Praxisgründer

Vorsorge und Versicherungen für Gründer

Unternehmerische Risiken begleiten jede Praxisgründung. Die richtigen Versicherungen können Gefahren eingrenzen und ausschalten helfen. Damit im Schadensfall nicht alles auf dem Spiel steht.

Sicherheit für den Chef und für die Praxis - damit nicht aus einem kleinen Unfall die große Bedrohung wird. Seamartini Graphics - Fotolia

Die eigene Praxis – das ist die Idee. Dann wird gerechnet, ein Businessplan erstellt, das Praxiskonzept im Detail ausgearbeitet und schließlich entschieden: Die Startphase in die Selbstständigkeit kann beginnen. Allerdings: Der Schritt in die Selbstständigkeit ist für den jungen Zahnarzt und die Zahnärztin ein ganz besonderes Ereignis. Es ist ein bedeutender und (hoffentlich) einmaliger Schritt im Berufsleben. Bestens ausgebildet und erfahren in der zahnmedizinischen Behandlung, sind junge Praxisgründer nun in unternehmerischer, betriebswirtschaftlicher und rechtlicher Hinsicht gefordert.

Viele Faktoren beeinflussen den zukünftigen wirtschaftlichen Weg. Denn unternehmerische Risiken sind von nun an die Wegbegleiter des Praxisgründers. Diese gilt es zu erkennen, zu begrenzen bzw. auszuschalten. Ungeschützt kann alles auf dem Spiel stehen: Die Praxis wie auch die persönliche Lebensplanung.

Im Folgenden ist über verschiedene Versicherungen zu sprechen, die dem Praxisinhaber zur Verfügung stehen, um sich gegen private und berufliche Risiken finanziell abzusichern. Eines aber vorab: Die Beratung eines kompetenten Repräsentanten einer Versicherung, die sich idealerweise auf den Heilberufesektor spezialisiert hat, können diese „Hinweise“ nicht ersetzen. Zu individuell sind die Anforderungen und Ansprüche eines jeden Zahnarztes und die seiner Praxis.

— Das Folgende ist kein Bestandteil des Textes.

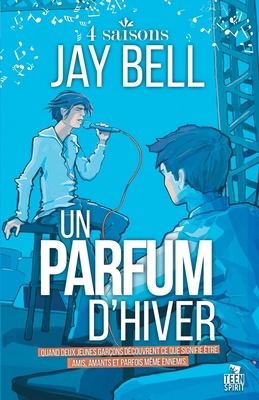 Un parfum d'hiver: 4 saisons, T2 2375742869 Book Cover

Von tragbaren und existentiellen Risiken

 

Die Chancen des Marktes zu nutzen und deren Risiken richtig einzuschätzen sind die Determinanten der Freiberuflichkeit. Hier ist von den Risiken die Rede, deren Bewertung eine individuelle Risikoanalyse voraussetzen. Abgesehen von den Risiken, deren Absicherung gesetzlich bzw. nach der Berufsordnung der Zahnärztekammern vorgeschrieben ist, können unter Kosten/Nutzen-Erwägungen zunächst zwei Unterteilungen getroffen werden:

 

  • Ein Risiko kann als tragbar beurteilt werden, das heißt, im Schadenfall kann der finanzielle Schaden aus der eigenen Kasse bezahlt werden oder
  • die finanzielle Belastung kann im Schadenfall so hoch sein, dass sie zu einer existentiellen Gefahr für die Praxis werden kann und daher durch eine Versicherung abzusichern ist.

 

Es kommt also immer auf die finanzielle Belastung an. Risiken, die die Existenz bedrohen könnten, müssen versichert werden. Um diese Risiken geht es nun.

 

Erster Gefahrenschwerpunkt: Die Absicherung des Praxisdarlehens

Hier gibt es keine Überlegungen hinsichtlich der Risikolage. Eine Bank wird und muss bei einer Kreditvergabe Sicherheiten verlangen. Der Praxisgründer wird mit einem Existenzgründungs- und Finanzierungskonzept vorsprechen und überzeugen müssen. Ein Trost: Über 80 Prozent aller Existenzgründungen in Deutschland werden finanziert. Auch die meisten Zahnärzte können ihre Praxis nur mit einer Finanzierung realisieren.

Die richtige Finanzierungsstrategie will wohl überlegt sein, denn schließlich muss der junge Zahnarzt in der Regel ein beträchtliches Darlehen aufnehmen. Eine nach wie vor finanziell und vor allem auch steuerlich attraktive Möglichkeit ist, das Darlehen über eine Versicherung zu tilgen. Das Prinzip ist einfach: Die Tilgung des Bankdarlehens erfolgt zu einem festgelegten Zeitpunkt über die Ablaufleistung der Versicherung oder einen Rückkaufswert dieser parallel abgeschlossenen Absicherung.